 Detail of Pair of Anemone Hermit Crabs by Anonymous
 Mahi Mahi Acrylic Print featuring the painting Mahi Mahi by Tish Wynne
==
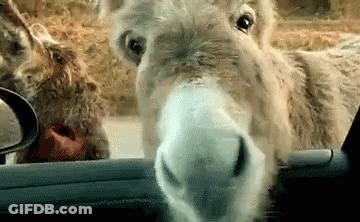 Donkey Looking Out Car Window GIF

▶ [WHAT YOU HAVE TO DO]:
Look back at the entries above and repeat, unchanged, every line from the line holding "Detail of Pair" through the line holding "Mahi Mahi Acrylic".

▶ [RESULT OF THE TASK]:
 Detail of Pair of Anemone Hermit Crabs by Anonymous
 Mahi Mahi Acrylic Print featuring the painting Mahi Mahi by Tish Wynne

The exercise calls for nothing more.